We take refuge (and I have no idea how we were supposed to know that one of the characters we are following in is a Japanese tourist, per the IMDb plot description) during a rain storm on the last night at a huge theater, and the camera slowly leads us through every inch of the place.
The vast scale of the place is brought home to us (and it will have less impact when not seen on a big screen) as virtually every inch is navigated painfully by a lame employee, clumping (as we only hear ambient sounds) up and down all those stairs, from the red velveteen seats around every nook and cranny and down long hallways and seedy passageways.

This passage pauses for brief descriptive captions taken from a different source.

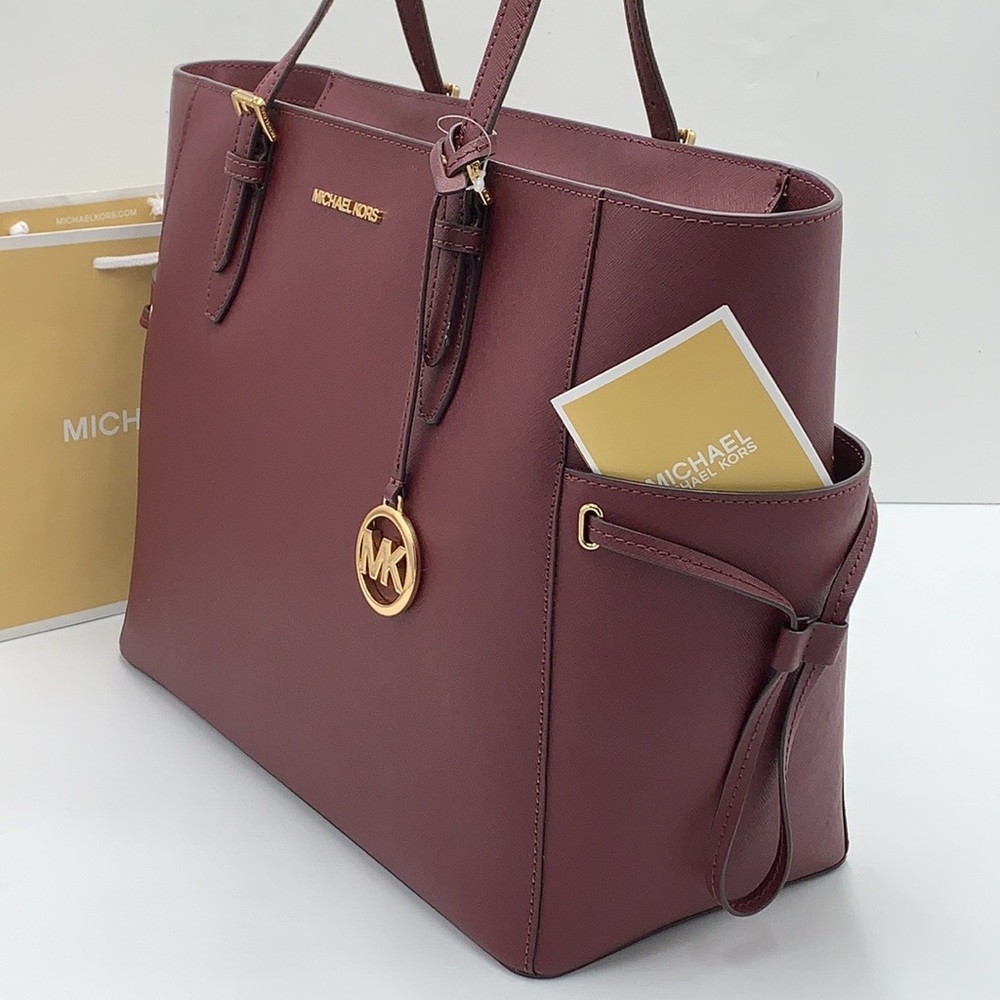 MICHAEL KORS
Gilly Large Saffiano Leather Tote Shoulder Bag
COLOR: Oxblood
NWT - Picture 12 of 16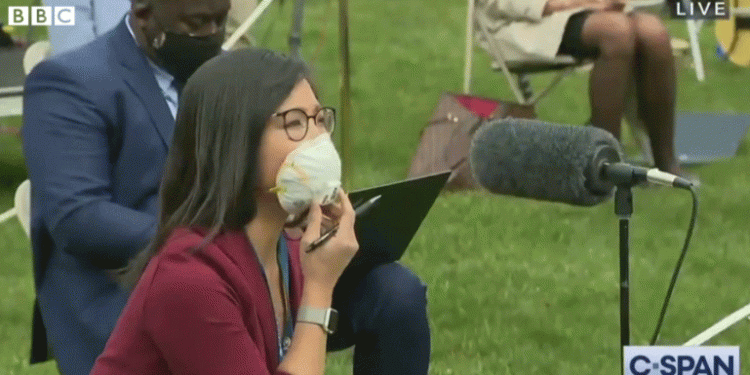 Trump përplaset me gazetaren aziatike: “Mos ma bëj mua këtë ‘pyetje të ndyrë”!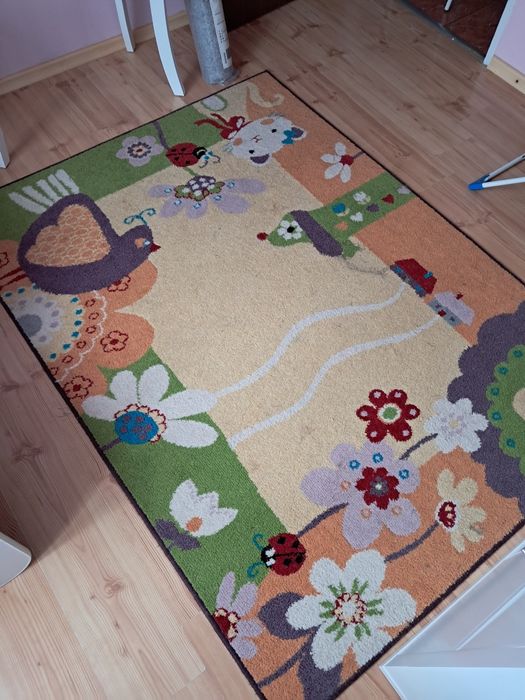Dywan do dziecięcego pokoju 133x180
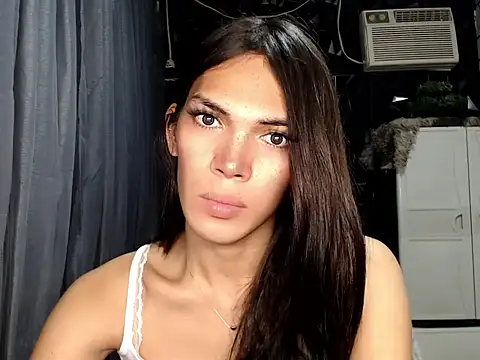 GORGEOUS_CARMEE webcam show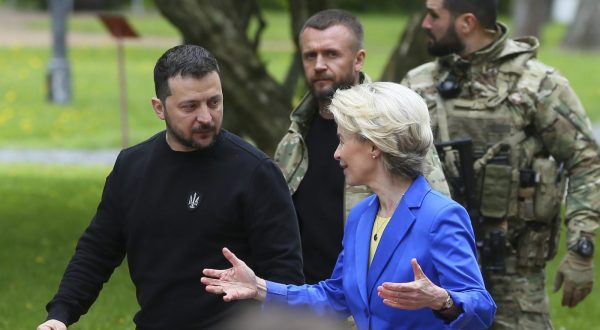 epa10617253 Ukraine's President Volodymyr Zelensky (L) and President of the European Commission Ursula von der Leyen (R) arrive for a joint meeting with the media near the St. Sophia Cathedral in Kyiv, Ukraine, 09 May 2023. Von der Leyen arrived in Kyiv to meet with top Ukrainian officials. President Zelensky announced that from now on May 09 will be annually celebrated as 'Europe Day' in Ukraine. Also on that day, some countries mark the 78th anniversary of Victory Day, the unconditional surrender of Nazi Germany on 08 May 1945, and the Allied Forces' victory, which marked the end of World War II in Europe.  EPA/STEPAN FRANKO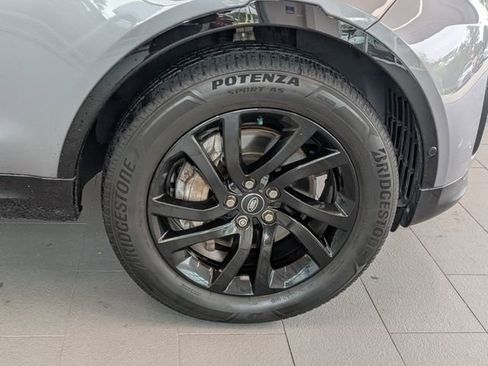 Used 2020 Land Rover Discovery Landmark image 16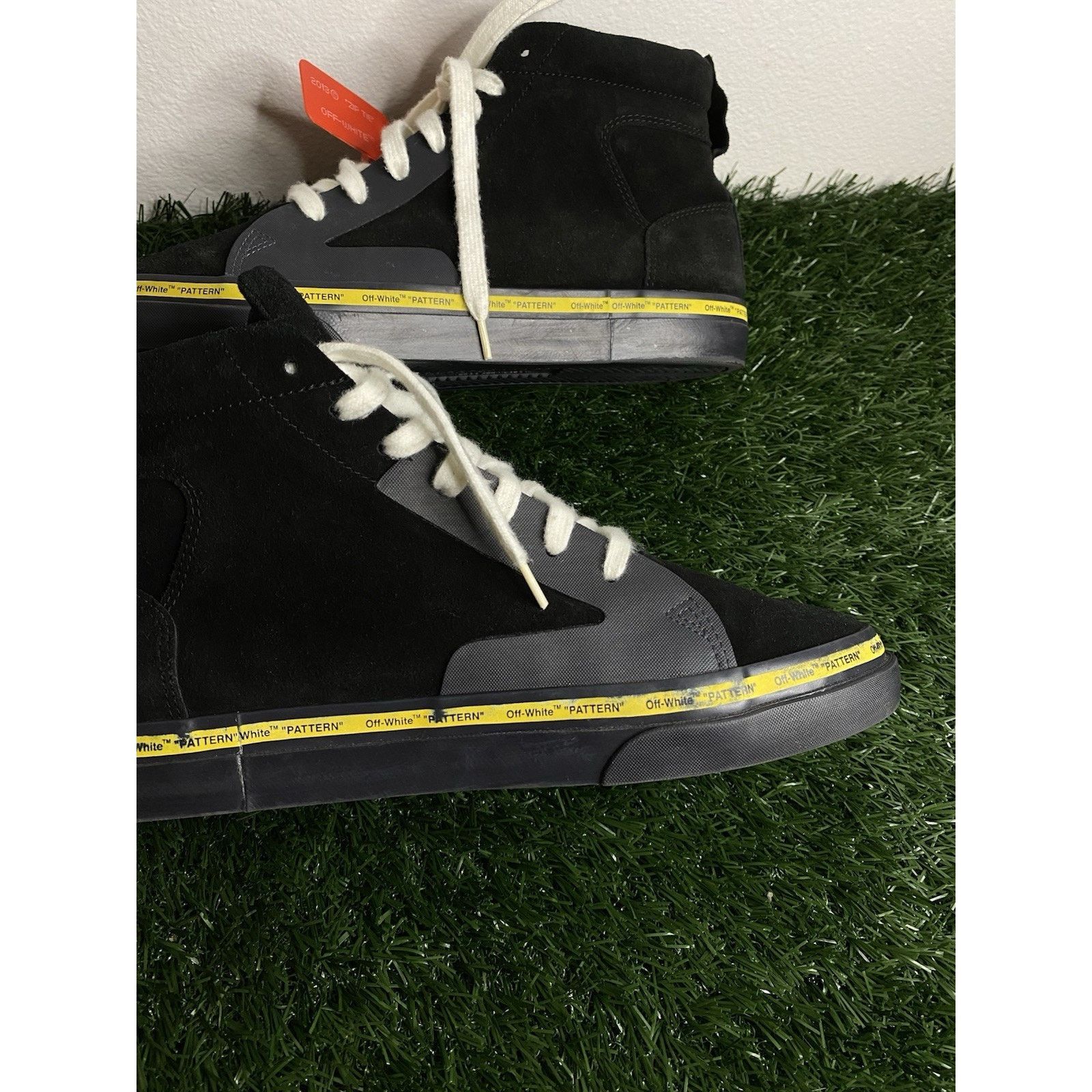 Off-White Off-White Vulc Sneaker Mid 'Black' | Size 43 EU ( 10 us ) Size US 10 / EU 43 - 7 Thumbnail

I don't know if only a Western viewer thinks at first one character is a pedophile or another a transvestite, as the theater certainly looks like the old ones that were in Times Square, or if writer/director Ming-liang Tsai is toying with all of us, as he brings other assignation attempts closer (in what must be the longest time any men have ever spent leaning against a urinal), but they are as unreal as the movie-within-a-movie, the swordplay flick "Dragon Inn" which is just a bit more stilted and corny than the current "Warriors of Heaven and Earth (Tian di ying xiong)."
There is one especially lovely moment, within beautiful cinematography throughout, of reaction to the flickering screen when the employee pauses in her rounds to look up at the huge image of the warrior princess and shares our view of the screen with her. Amusingly, the only fulfilled feelings are hunger, as various characters noisily eat a wide variety of refreshments.
The projectionist is as much an unseen power as Herr Drosselmeier in "The Nutcracker," as we don't even see him until the theater is almost ready to close. He is as oblivious to interacting with real people as every other member of the sparse audience.
The major events in the film are when two characters even acknowledge each other's existence, let alone speak the only three lines or so of spoken dialogue in the entire film, reiterating what we've seen visually -- "No one goes to the movies anymore." The closing nostalgic pop song is jarringly intrusive at first to this quiet film, but the lyrics are very appropriate.